Bengt Källén passed away on Wednesday, June 9, 2021. He turned 92 one week earlier. An exceptional scientist and a very special human being.

Listening to him presenting a study he did was enough to quickly be convinced. His talks always were extremely sober: a simple sheet of recycled paper, or at the very least a transparency on an overhead projector, then a few concise, clear sentences, monochrome graphs, and the audience was led towards science, the real thing, towards doubt, criticism, and possible directions when reading the results. To my knowledge, he hardly ever used commercial software. He programmed his own statistical analyses.

The mass of his articles and the number of books he wrote attest to his power of work and the range of what I dare to call his brilliant thinking.
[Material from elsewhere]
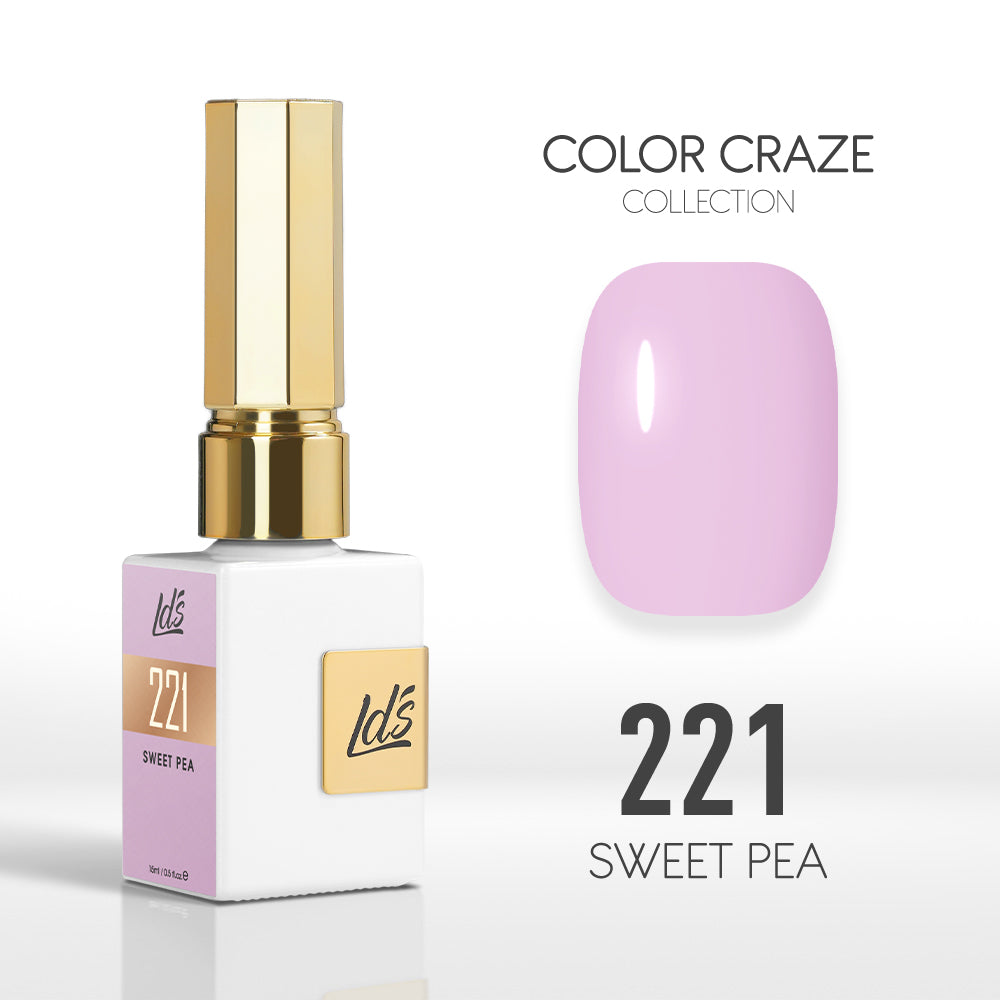 LDS Color Craze Collection - 221 Sweet Pea - Gel Polish 0.5oz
Some people think he was an embryologist or a teratologist, others think he was an epidemiologist or a biostatistician. He was all of these at the same time. Others still know him for his research in immunology, which he conducted on (with?) the rats that lived in the basement of the Tornblad Institute, just downstairs. He probably had other scientific skills that I do not know about.

I will quote a few key sentences that are messages he passed on to me:

“The best statistician in the world will not get any results with poor data.”
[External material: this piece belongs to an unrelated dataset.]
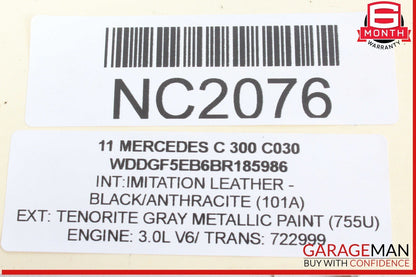 08-17 Mercedes W204 C300 Rear Right / Left Side Suspension Upper Control Arm OEM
“Look at a cluster in the eye, and it disappears.”

When people expressed their admiration for him, he replied: “I thrive on flattery”.

Let’s talk about the Lund Group. A group of friends, international if you judge by its composition, which has varied over the years: Lisbeth Knudsen (Denmark), Pierpaolo Mastroiacovo (Italy), the late Eduardo Castilla (Argentina) and his wife Ieda Orioli (Brazil), Osvaldo Mutchinik (Mexico), Maria-Luisa Martinez-Frias (Spain), Paul Lancaster (Australia), John Harris (USA). Others participated in some of the studies, such as my friend Christine Francannet (France), or Guido Cocchi (Italy), or Lorenzo Botto (Italian American).
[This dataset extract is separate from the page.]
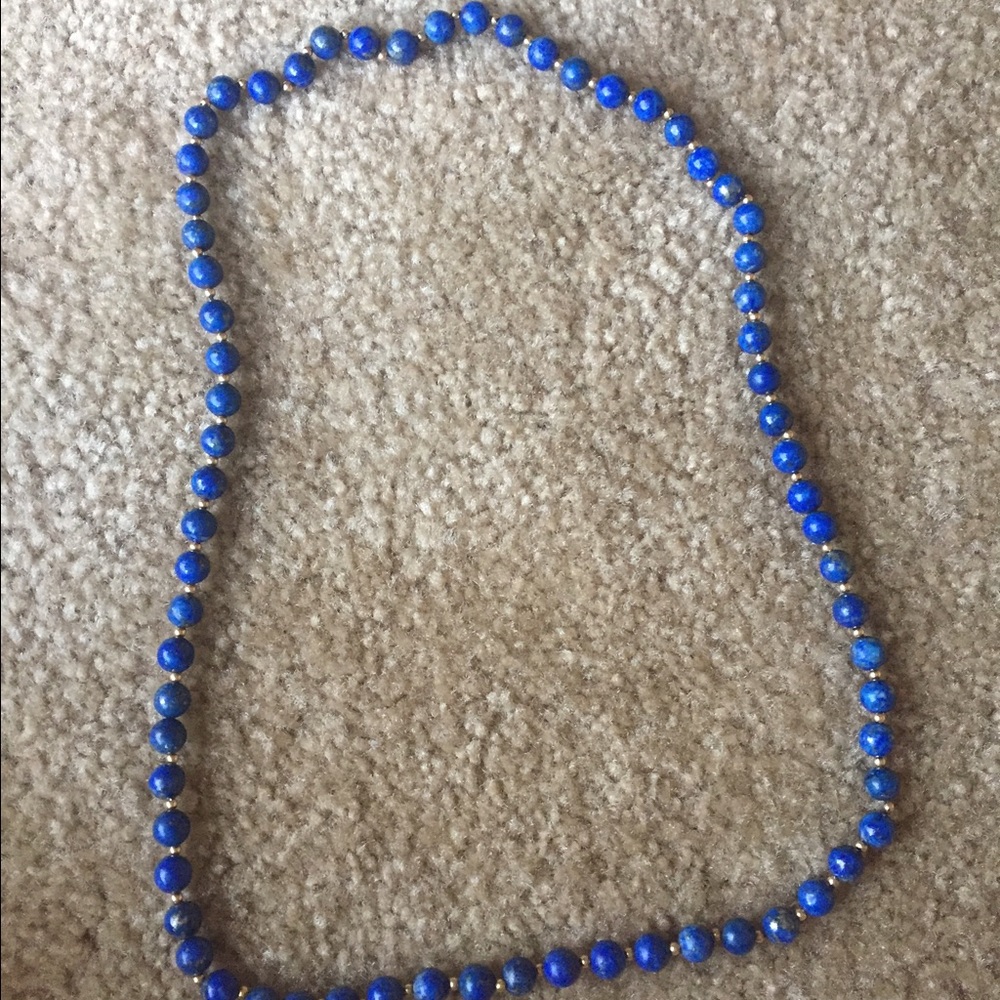 Blue lapis necklace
Many anecdotes can be recalled, such as the decision to study congenital heart disease taken by Bengt with Christine during a swim in Brazil. This was the famous “swim study”. I also often quote a proposal from Bengt at the end of a case-control study concerning hypospadias and their link with in utero progestin exposure in children. Seven of us provided data, which he analysed, which we discussed at length. The association found was borderline significant. He then asked the group a simple question: what do you think? Do progestins taken by a woman during pregnancy increase the risk of hypospadias in her child? In front of our doubtful faces, he proposed a secret ballot, and immediately grabbed a hat, in which we had to write simply yes or no. I recall that there were 7 of us epidemiologists. When the ballot was counted, there were 3 “yes” votes, 3 “no” votes and one “I don’t know” vote. He then explained that he knew who had voted what: those whose day-to-day work consisted of using the case-control protocol answered yes, those with a more clinical background answered “no” and the one who was known to combine the two approaches did not vote. This story is a typical example of the lessons of wisdom I have learned from Bengt.

I would now like to describe the man he was as I got to know him in his family setting. He was indeed so generous that he provided a room in his house for visiting researchers, as much as possible. He welcomed us with his wife Ingegerd, who prepared delicious meals concluded by gourmet desserts whose recipe I often took in my luggage.
These dinners at his home were the occasion to recall the endless anecdotes about our travels around the world linked to the International Clearinghouse annual conferences. Over the years I got to know his taste for English humour: for example,he could laugh out loud at Mr Bean or at “4 Weddings and a Funeral”.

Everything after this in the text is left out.